The High Performance Computing (HPC) cluster is a central resource available at MAX IV for users and staff. It is a small cluster compared to what one would find at dedicated supercomputing centers.
There are currently two sub-clusters nick-named “online” and “offline” cluster. The names are referring to their intended usage:
- The online cluster, dedicated to data analysis during the beamtime. There are two front end machines, clu0-fe-2 and clu0-fe-3. The online cluster is only accessible within MAX IV, including access from the maxiv_guest wifi network and from beamline workstations.
- The offline cluster is a small cluster that can be used outside beam time by both staff and users. The front end is offline-fe1. The offline cluster is not accessible from the beamline computers, but it is possible to log in to it remotely using the VPN.

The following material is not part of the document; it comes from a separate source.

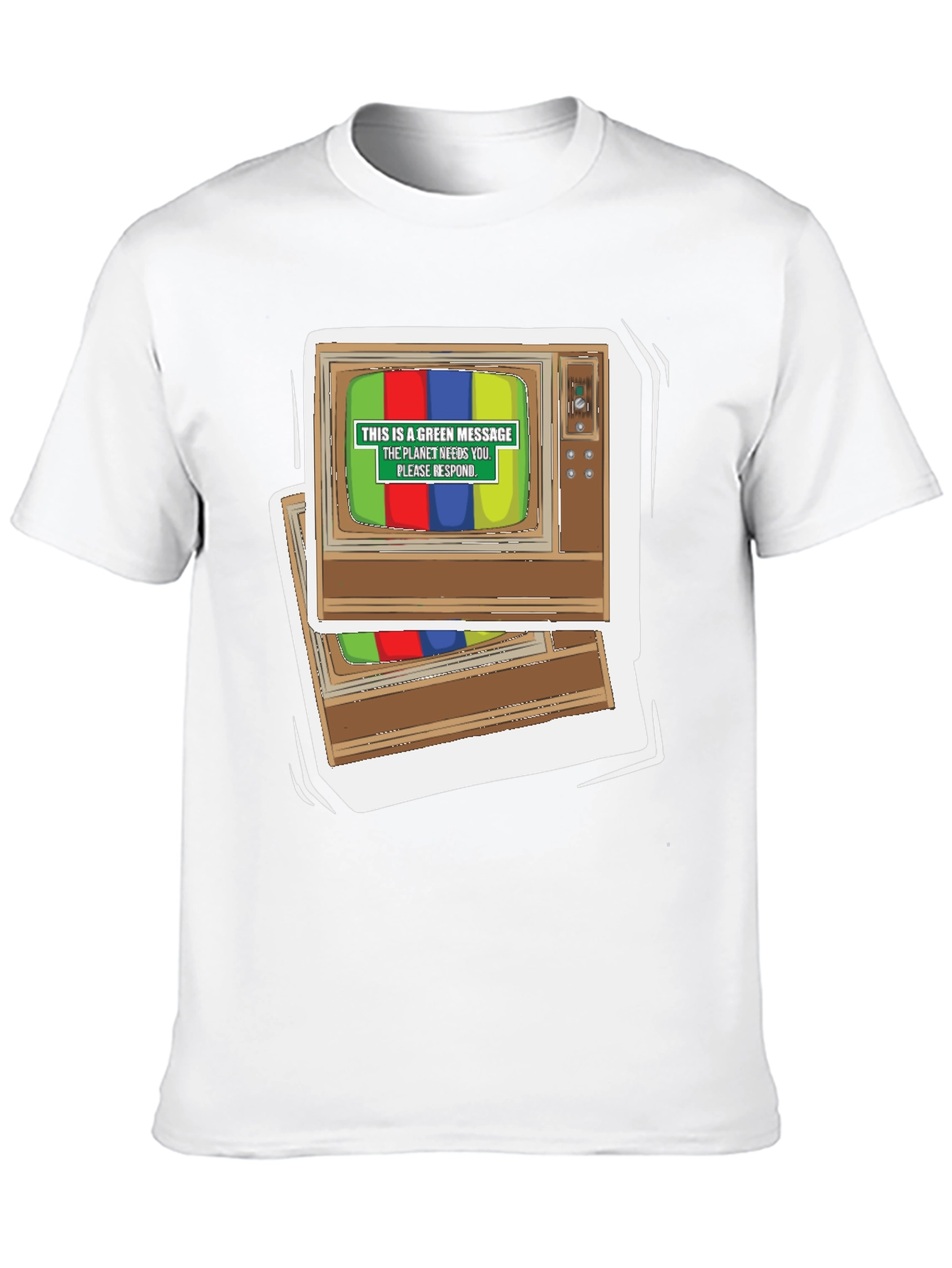 Retro TV Green Message Graphic Tee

The HPC is maintained in cooperation with LUNARC (Lund University Computing Center) and so has a very similar architecture.
Anyone with a MAX IV account (including DUO accounts) can use the clusters. It is not necessary to apply for any special account, though access for non-staff may be limited to active proposal periods. For access problems or need for additional access, contact Thomas Eriksson.
Starting information for “Dummies”
If you are happy with a Linux prompt, just need to do simple things, do not want to read the long info below and do not want to bother other users by taking limited resources at the frontends then you just need to read this. See also access via Remote Desktop.
The online cluster frontends are clu0-fe-2 and clu0-fe-3. The offline frontend is offline-fe1 (actually an alias to clu1-fe-1)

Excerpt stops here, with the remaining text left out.